Así comenzaron siete décadas en el trono, durante las cuales Isabel II se convirtió en un punto fijo de referencia para una sociedad que cambiaba rápidamente después de la guerra, y en una pantalla de proyección para personas de todo el mundo, incluso fuera del ámbito de Inglaterra y la Mancomunidad. Ella fue primero una reina aparentemente demasiado joven para enfrentarse a las exigencias de ser cabeza del estado, pero después se convertiría en una soberana sorprendentemente anciana pero nunca vieja. Fue, como toda figura pública de su envergadura, admirada y criticada, a veces con más pasión que argumentos, a veces a la inversa. Pero en todas las funciones que el tiempo y las circunstancias le impusieron, Isabel II siempre se mantuvo fiel a sí misma, acompañada de esa sonrisa única que tan sibilina podía parecer y que no cambió con el paso de los años, aunque después de la muerte de su esposo, el año pasado, ciertamente se volvió menos frecuente.
15 Primeros Ministros sirvieron durante su reinado: desde Winston Churchill, que fue para ella una especie de mentor, hasta Liz Truss. La reina, a pesar de su estado delicado de salud, dio muestras de su conciencia del deber el martes pasado, cuando recibió a Truss y le encargase formar gobierno. Las fotos del encuentro en el castillo de Balmoral, la residencia escocesa de verano de la reina, mostraron a una reina sonriente, de buen humor, de pie, pero innegablemente de aspecto ya muy frágil.
Firmemente enraizada más allá del proceso político cotidiano, Elizabeth II le dio a su país algo así como una mayor estabilidad. No era el glamour con el que habría eclipsado cualquier crisis y debilidad de los gobernantes, sino una presencia pura y duradera que transmitía una sensación de continuidad y de normalidad. El ensayista británico Harry Mount habló una vez de un “mueble que siempre ha estado ahí”. A la reina Isabel II la caracterizaron, entre otros atributos, la normalidad y el cumplimiento silencioso del deber. En noviembre de 1997, en un discurso con motivo de su aniversario de bodas de oro, resumió la sobria imagen de sí misma en palabras notables: "Al igual que el gobierno, la monarquía existe únicamente gracias al apoyo y al consenso populares; para nosotros, la familia real, el mensaje suele ser más difícil de leer. Pero tenemos que leerlos”.

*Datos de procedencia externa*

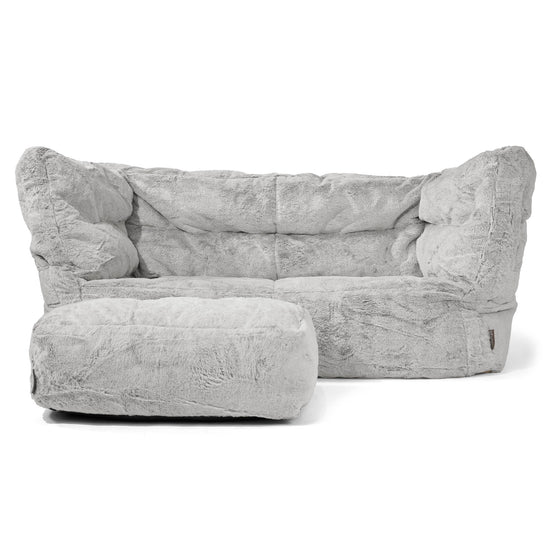 2-Sitzer Louis Sitzsacksofa - Kaninchen Kunstfell Hellgrau 02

Al final, pudimos ver que, aunque el mundo se está volviendo cada vez más estadounidense, la reina Isabel permaneció muy británica, en su estilo tradicional. Podemos decir que la difunta reina logró salvar a la monarquía (no sólo a la inglesa) en estos tiempos antimonárquicos y logró posicionarla positivamente al frente de muchos proyectos de ayuda social: hoy en día hay en Inglaterra alrededor de 3 000 iniciativas de ayuda social que son patrocinadas o encabezadas por miembros de la familia real.
Como en todas las monarquías parlamentarias, Elizabeth II fue una reina aparentemente sin poder, una reina aparentemente invisible, pero fue una reina conscientemente omnipresente. Descanse en paz.